The walls dripped with endeavour. Oil paintings of old heads hung upon the walls. One depicted twins joined at the hip. Never separated, through choice, until they died, within hours of each other. Sections of organs, sliced open to show the growth of some disease or cancer. With colour rinsed out, these chunks of fleshy mechanics lie eerily still in their chemical coffins.

In another room was a video. It demonstrated the astonishing dexterity and skill of the surgeon. The fingers so still it was as though everything else in the world moved around them. The floor, for a minute, seemed to shift underneath my feet.

The film continued.

Bore-holes were made in a skull. An oval section was cut away and removed.  A bony bowl. The brain beneath pulsated with the dreams of the patient.

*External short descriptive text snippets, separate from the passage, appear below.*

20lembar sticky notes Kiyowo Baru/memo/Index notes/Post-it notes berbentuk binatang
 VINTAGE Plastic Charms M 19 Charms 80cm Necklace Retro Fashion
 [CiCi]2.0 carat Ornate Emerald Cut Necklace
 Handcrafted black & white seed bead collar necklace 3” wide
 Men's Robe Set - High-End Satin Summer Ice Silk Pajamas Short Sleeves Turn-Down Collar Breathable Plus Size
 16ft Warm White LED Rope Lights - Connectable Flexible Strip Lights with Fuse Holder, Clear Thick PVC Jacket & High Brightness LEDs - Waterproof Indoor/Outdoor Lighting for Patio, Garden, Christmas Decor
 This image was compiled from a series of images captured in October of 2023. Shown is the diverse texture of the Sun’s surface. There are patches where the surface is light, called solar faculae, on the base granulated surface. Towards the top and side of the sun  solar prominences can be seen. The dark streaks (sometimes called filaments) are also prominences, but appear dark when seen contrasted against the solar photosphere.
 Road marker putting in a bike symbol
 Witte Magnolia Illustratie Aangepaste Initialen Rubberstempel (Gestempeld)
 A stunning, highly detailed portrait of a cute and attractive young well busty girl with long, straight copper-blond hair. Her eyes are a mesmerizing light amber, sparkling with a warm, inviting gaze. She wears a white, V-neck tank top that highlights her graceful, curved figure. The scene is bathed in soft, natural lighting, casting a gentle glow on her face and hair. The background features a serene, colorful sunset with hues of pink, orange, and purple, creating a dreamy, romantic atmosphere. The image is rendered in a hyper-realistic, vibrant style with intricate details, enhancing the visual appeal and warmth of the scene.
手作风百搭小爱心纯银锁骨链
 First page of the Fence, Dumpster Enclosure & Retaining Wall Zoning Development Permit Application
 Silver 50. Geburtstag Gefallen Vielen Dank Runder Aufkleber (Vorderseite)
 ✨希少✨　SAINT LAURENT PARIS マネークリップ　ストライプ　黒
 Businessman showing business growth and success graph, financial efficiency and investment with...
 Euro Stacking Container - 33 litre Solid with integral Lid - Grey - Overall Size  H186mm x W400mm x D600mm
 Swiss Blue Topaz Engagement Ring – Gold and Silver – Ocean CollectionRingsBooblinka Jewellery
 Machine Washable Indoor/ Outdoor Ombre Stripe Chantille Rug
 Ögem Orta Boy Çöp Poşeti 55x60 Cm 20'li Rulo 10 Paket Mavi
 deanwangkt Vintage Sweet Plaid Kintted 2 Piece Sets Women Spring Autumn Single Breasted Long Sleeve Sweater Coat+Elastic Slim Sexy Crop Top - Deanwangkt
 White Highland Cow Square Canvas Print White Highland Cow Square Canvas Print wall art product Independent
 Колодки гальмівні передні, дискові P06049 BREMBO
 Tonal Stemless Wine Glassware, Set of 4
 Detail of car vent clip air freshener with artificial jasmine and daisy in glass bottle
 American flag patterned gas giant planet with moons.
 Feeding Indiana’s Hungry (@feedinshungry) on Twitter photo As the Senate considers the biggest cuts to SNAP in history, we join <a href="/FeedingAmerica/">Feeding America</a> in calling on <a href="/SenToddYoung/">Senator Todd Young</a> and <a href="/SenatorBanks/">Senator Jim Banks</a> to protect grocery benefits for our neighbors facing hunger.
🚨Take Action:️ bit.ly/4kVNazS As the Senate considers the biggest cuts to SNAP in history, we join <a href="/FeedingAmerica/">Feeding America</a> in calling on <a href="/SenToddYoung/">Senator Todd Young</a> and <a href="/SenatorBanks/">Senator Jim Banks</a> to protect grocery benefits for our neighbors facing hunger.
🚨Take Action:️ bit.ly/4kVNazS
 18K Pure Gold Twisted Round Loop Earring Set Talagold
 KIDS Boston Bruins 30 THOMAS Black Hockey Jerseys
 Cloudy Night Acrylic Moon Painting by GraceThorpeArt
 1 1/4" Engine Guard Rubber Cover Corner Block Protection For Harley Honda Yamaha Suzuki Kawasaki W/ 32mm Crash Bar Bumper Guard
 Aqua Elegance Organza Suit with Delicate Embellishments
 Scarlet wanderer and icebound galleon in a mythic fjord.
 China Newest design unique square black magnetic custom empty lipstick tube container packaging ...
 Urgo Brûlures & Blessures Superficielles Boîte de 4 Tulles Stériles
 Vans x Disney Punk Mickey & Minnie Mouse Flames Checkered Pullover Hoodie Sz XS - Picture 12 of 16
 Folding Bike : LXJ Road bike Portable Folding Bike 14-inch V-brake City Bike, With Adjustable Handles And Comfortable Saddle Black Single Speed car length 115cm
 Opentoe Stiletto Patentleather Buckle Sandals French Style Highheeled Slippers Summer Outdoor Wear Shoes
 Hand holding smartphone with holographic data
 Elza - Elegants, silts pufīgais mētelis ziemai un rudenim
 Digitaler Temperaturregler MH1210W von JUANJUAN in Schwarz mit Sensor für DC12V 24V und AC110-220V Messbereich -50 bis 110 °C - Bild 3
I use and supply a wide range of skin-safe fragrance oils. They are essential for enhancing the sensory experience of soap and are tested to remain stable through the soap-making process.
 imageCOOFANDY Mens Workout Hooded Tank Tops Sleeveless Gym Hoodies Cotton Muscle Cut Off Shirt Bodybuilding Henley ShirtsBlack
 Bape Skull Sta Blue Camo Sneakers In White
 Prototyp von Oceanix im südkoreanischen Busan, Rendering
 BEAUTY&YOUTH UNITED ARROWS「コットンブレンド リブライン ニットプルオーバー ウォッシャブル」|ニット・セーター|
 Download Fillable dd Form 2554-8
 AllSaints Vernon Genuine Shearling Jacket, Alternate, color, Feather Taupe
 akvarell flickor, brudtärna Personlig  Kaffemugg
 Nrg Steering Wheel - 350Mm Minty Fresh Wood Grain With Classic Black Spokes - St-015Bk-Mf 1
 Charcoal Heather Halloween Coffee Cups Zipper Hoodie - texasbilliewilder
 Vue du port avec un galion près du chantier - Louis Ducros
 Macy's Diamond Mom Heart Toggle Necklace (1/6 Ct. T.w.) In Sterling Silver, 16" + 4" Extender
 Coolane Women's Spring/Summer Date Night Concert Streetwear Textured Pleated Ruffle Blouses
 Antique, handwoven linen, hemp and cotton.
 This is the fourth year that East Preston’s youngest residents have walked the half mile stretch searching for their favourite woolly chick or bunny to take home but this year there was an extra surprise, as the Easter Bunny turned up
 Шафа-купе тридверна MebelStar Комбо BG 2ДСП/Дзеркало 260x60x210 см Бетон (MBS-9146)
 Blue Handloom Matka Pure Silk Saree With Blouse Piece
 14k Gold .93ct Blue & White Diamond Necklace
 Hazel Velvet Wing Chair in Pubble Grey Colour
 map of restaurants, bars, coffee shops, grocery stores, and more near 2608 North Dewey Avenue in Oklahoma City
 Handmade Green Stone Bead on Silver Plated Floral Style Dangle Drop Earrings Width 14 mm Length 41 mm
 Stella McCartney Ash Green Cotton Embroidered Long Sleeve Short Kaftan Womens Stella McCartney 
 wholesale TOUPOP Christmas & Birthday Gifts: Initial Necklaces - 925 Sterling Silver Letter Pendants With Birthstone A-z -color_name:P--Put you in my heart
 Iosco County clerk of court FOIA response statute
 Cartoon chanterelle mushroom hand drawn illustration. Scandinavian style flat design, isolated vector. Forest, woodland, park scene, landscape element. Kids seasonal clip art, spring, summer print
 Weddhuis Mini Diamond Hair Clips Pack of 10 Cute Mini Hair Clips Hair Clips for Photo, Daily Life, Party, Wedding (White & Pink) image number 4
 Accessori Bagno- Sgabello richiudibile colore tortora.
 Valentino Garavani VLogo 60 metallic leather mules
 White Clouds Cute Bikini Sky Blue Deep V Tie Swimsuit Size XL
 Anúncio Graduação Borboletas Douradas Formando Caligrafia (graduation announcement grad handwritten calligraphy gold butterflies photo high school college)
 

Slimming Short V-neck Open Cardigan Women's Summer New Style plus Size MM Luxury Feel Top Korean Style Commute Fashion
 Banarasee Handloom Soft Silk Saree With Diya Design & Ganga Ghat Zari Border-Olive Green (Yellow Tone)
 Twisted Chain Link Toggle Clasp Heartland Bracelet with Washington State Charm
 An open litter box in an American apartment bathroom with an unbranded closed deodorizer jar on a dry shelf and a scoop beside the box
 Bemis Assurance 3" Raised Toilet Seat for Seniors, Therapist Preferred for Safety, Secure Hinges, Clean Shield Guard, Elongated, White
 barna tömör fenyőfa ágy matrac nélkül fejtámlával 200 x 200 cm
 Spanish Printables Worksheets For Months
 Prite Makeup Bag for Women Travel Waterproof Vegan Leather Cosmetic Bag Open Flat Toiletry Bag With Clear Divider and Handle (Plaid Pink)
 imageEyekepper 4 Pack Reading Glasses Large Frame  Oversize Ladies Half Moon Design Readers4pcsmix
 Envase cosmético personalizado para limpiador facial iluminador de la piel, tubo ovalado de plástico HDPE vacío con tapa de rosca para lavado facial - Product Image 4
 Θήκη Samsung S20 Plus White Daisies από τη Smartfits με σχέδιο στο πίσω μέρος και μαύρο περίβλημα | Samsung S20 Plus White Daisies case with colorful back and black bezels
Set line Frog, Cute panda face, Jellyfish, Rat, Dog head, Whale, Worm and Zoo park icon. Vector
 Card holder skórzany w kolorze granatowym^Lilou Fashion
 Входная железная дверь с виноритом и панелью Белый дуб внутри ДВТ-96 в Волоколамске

Then a gorgeous girl stood next to me. But I didn’t exist. She simply wanted to watch the film. Inevitably, my attention was soon drawn away from the miracle of modern medicine and, instead, fixed upon the smoothness and incredible symmetry of her face; her dark, mysterious and utterly beautiful eyes. Now preoccupied with ideas of making an introduction, the video was reduced to a background arrangement of colours and sounds. More of an annoyance. A wall separating us. Indeed, it was getting all the attention.

Eventually, surrounded by such beauty, horror and gore, I lost my nerve and strode off purposefully.

And, anyway, what sort of man flirts with a woman in a place filled with tumours, dead babies and drilled heads? Surely, some kind of psychopath.

But before I knew it, I was outside, hating myself with some of the last, remaining calories in my tank.

And, feeling a fresh surge of hunger, made my way to Chinatown for a bowl of noodles.

Under the Spark Machine

Sticks in piles. Did you see that? Wine drips from sleeves and shelves laden with pickled things: books, limbs, vegetables, badges, certificates, eyes. Yes, indeed. I imitate and burn. Flay off the skin, there is nothing underneath maybe. Who knows? If you pick up a lighter, no, let’s make sure, a blowtorch. Like so. And turn on the gas. A simple spark. Aiming the bright end at the flesh. Yow, it pops and fizzles. I’ll try it out. See how I get on. Fly it upon the next warm eddy. Catch a bird of prey on a Sunday. Trap it in a room made of mirrors. Create the perfect weapon. A spiritual scream through decades. Three. A dead church surrounded by a cloud of birds. Speakers poking through clouds. Piped music from the ionosphere. Sounds reflections of good and vile dreams. When I didn’t want to wake. The chill ram-rodding the temples, cooling the blood. Brain frozen and unable to leap at the thought of the morning.

But the night. All blood-red and weeping eyes. Fascination rumbles in the balls. She has you. That faceless, formless bitch. Light the stove. We’ll eat then head to bed.